The Miami Dolphins will head into the 2014 season with almost the same rotation at the defensive tackle position as the one in 2013. The only difference is that Earl Mitchell has replaced Paul Soliai. How will that impact the rotation and what can we expect going forward? Let’s break it down.
Despite the fact that there are two defensive tackle positions, they are quite different. Jared Odrick and Randy Starks play the same position, so those two players will be rotating in and out with each other as they did for the most part last season.
Mitchell will be on the field for just about every down and will be the anchor of the line. His primary job will be to stop the run and take on the double team. This usually means he will be getting blocked by both the center and the weak-side guard. This is important because when taking on the double team, it frees up the linebackers to make a play.
Starks and Odrick will occupy the other defensive tackle position, which is also referred to as the under tackle or three-tech. They call these guys a three-technique because they line up on the outside shoulder of the strong side offensive guard. Their job is to prevent the run, keep the guard off the linebackers and rush the quarterback on pass plays.
While many think the run defense starts and ends with Mitchell, Starks and Odrick, that’s not the case. The reason is because of the linebackers.
If the defensive tackles do their job, the linebackers should be free to make a play. However, with the current crew of Philip Wheeler, Dannell Ellerbe and Koa Misi, that’s not good news. According to Pro Football Focus, Wheeler had an overall run defense grade of -16.8, Ellerbe had an overall run defense grade of -17.0 and Misi had an overall run defense grade of +7.4.
As you can see, this is pretty bad. If we take it a step further, we see that Wheeler was the worst 4-3 outside linebacker in the league when it came to missed tackles on running plays. Out of 424 run snaps, he missed 12 tackles and only had a run stop percentage of 7.1, which was towards the bottom half of the league. With inside linebackers, Ellerbe was ranked 36th out of 40 with a run stop percentage of 6.3. The run stop percentage is the percentage of a player’s run defense snaps when he is the primary person responsible for a stop.
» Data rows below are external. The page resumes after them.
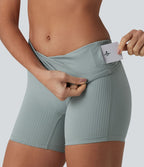 Short cycliste de yoga côtelé taille haute 12,5 cm avec poche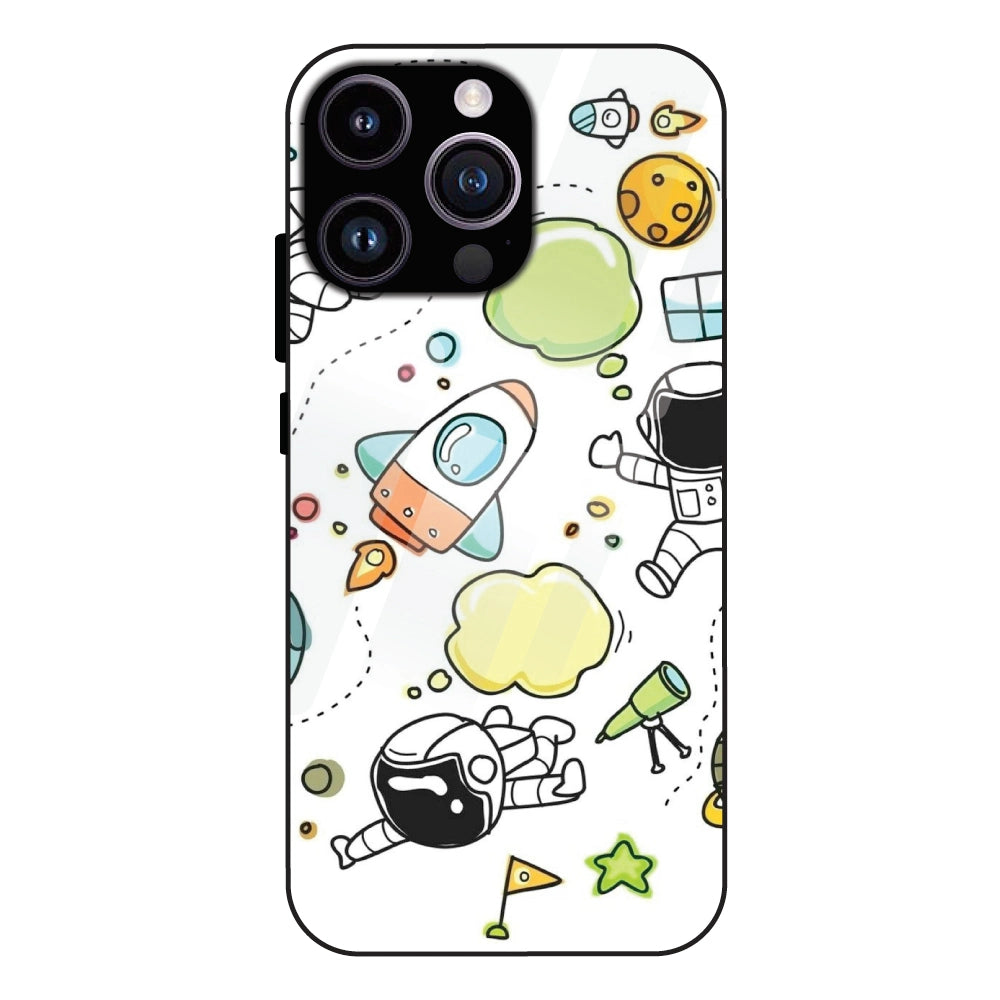 Cute Rocket & Galaxy - Glass Case For Apple iPhone 14 Pro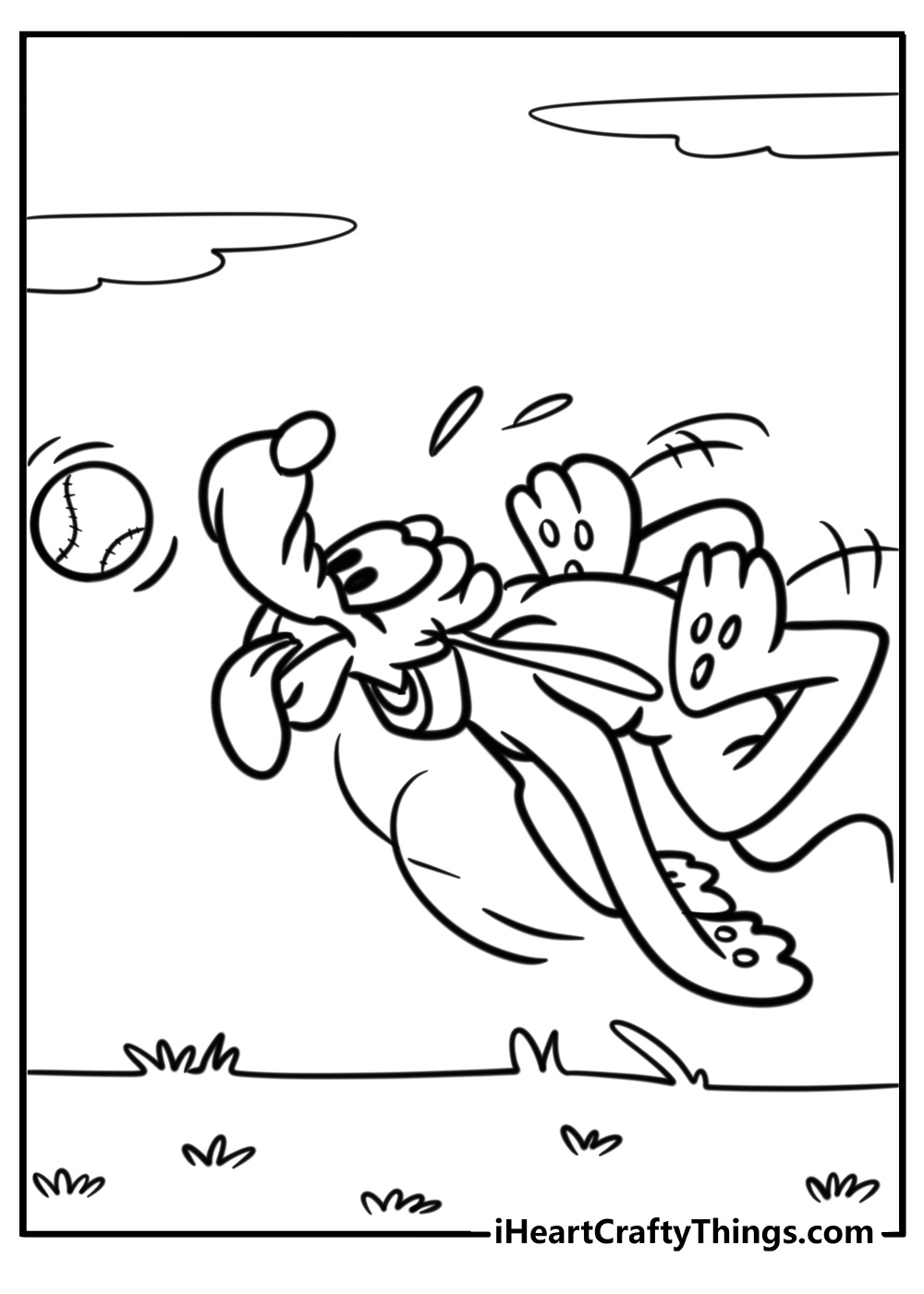 Pluto playing with a ball disney coloring sheet for kids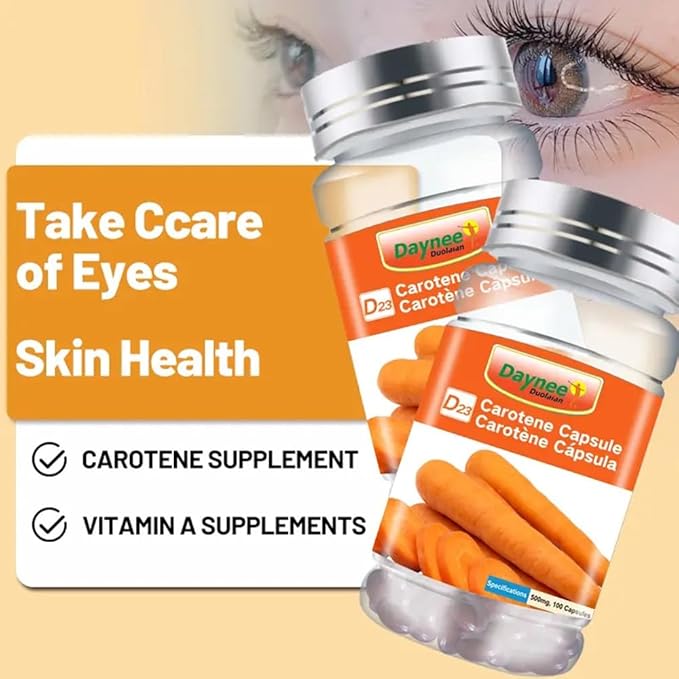 AIHIYO Carotene Soft Capsule, 500mg Beta 25000 IU, 100 Count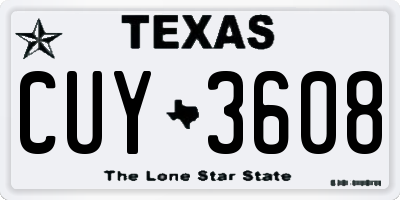 TX license plate CUY3608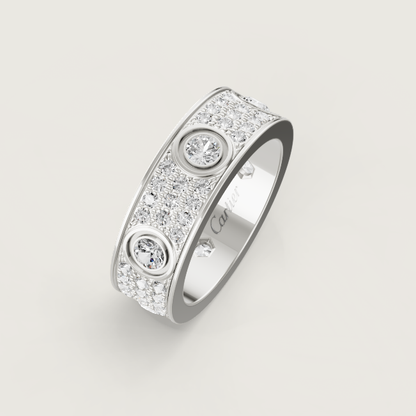 [⭐Novea]LOVE RING 6.5MM Full Diamond, 6 Major Diamonds Silver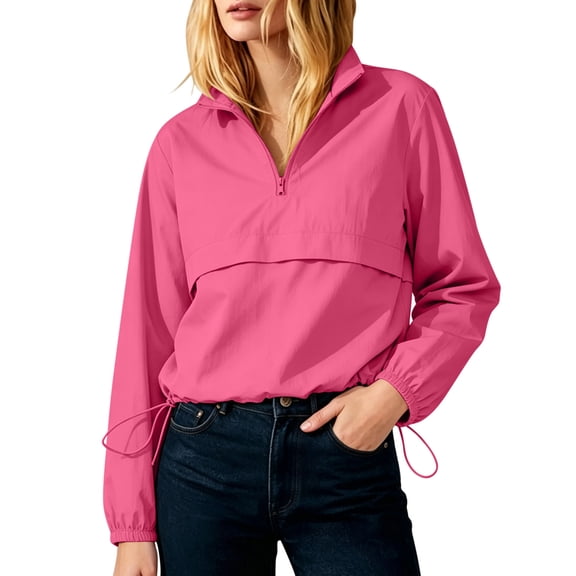 Zpanxa Fall Jackets for Women Half Zip Stand Collar Pullover Jacket with Drawstring Hem Long Sleeve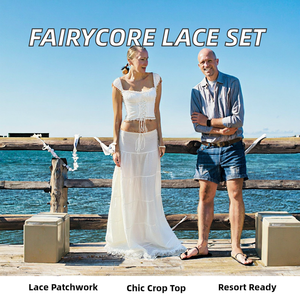 2026 Summer Women's Vacation Fairycore Sets Woven Tunic Bandage Short Crop Top <b>Patchwork</b> Lace Midi <b>Skirts</b> Worsted Ropa Wholesale - Product Image 2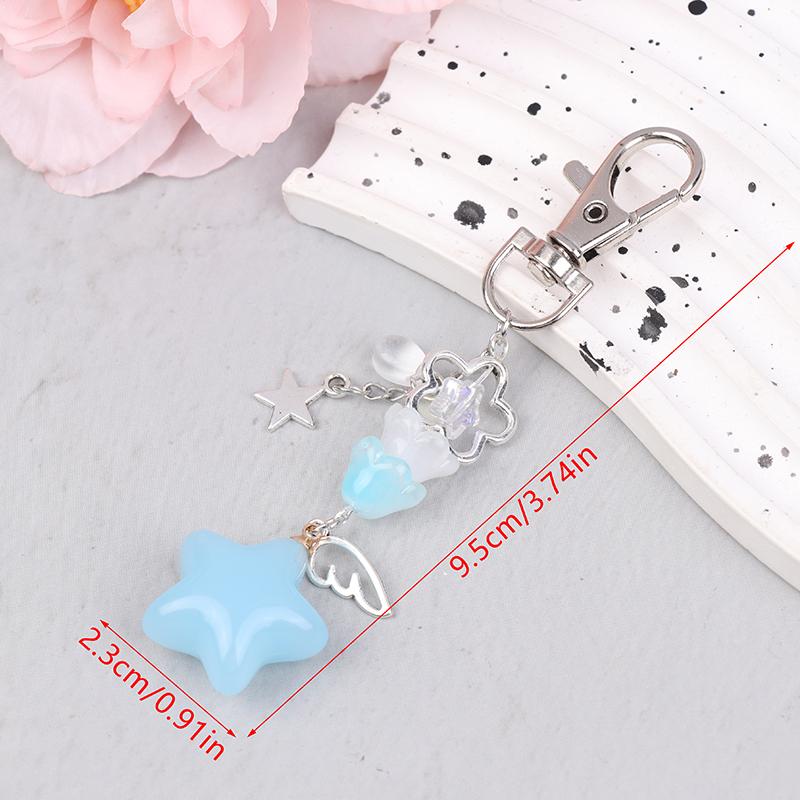 Product Introduction of Retro Cute Jelly Star Charm Keychain Handmade Pink And Blue Y2K Matching Keychain CCD Pendant Phone Chain 27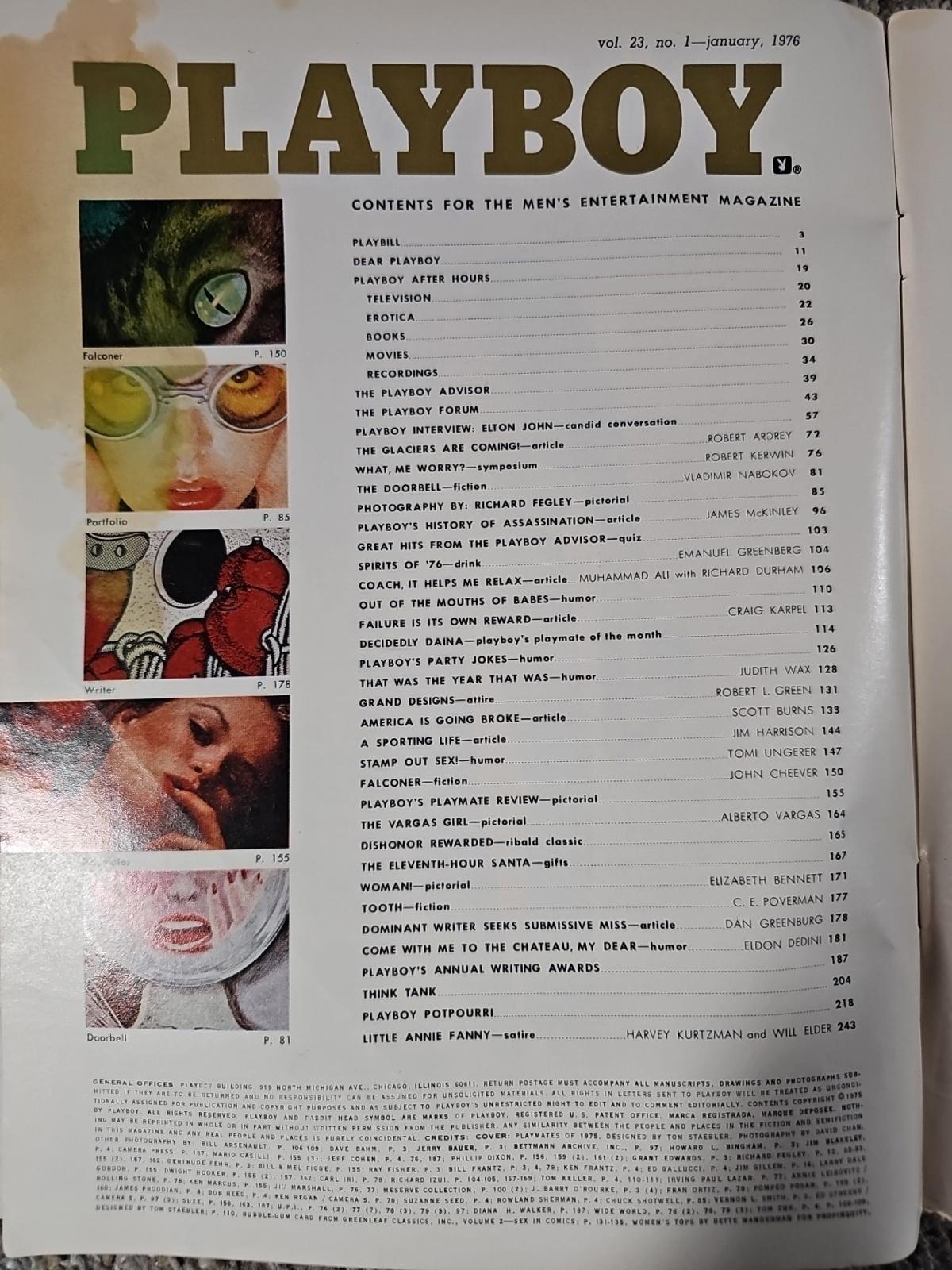 PLAYBOY JANUARY 1976 SPECIAL HOLIDAY ANNIVERSARY ISSUE With Elton John Interview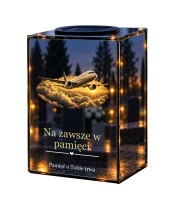 Znicz lustrzany solarny LED – Pilot - samolot nad chmurami - widok główny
How can the Dolphins get better? According to Barry Jackson of the Miami Herald, the Dolphins are talking about moving Misi inside to middle linebacker, which would be a very good first move. Misi is not a superstar, but he is a very solid linebacker who always shows up ready to play and is always in position to make things happen.
How about Ellerbe and/or Wheeler? If Misi moves inside, Ellerbe will likely move outside. He last played outside linebacker in 2011 and didn’t do a bad job where he had an overall run defense grade of -0.5 in limited action. With that said, swapping Misi with Ellerbe would be a good second step.
Now, how about Wheeler? He had one good year with the Oakland Raiders, and the Dolphins pounced on him and paid him an outrageous sum of money. If you had watched him on film and his full career, you weren’t surprised. The Dolphins realize this, though, and know they have to upgrade that position.
There are quite a few playmakers in the draft such as Ryan Shazier and Anthony Barr. If one of them falls to the Dolphins in the first round, you would have to think they consider selecting one. Doing so would instantly improve the linebacker corps and would solidify the Dolphins’ run defense.
If they don’t upgrade and/or make these moves, you can count on looking at pretty much the same run defense the Dolphins had in 2013, which was ranked towards the bottom of the league.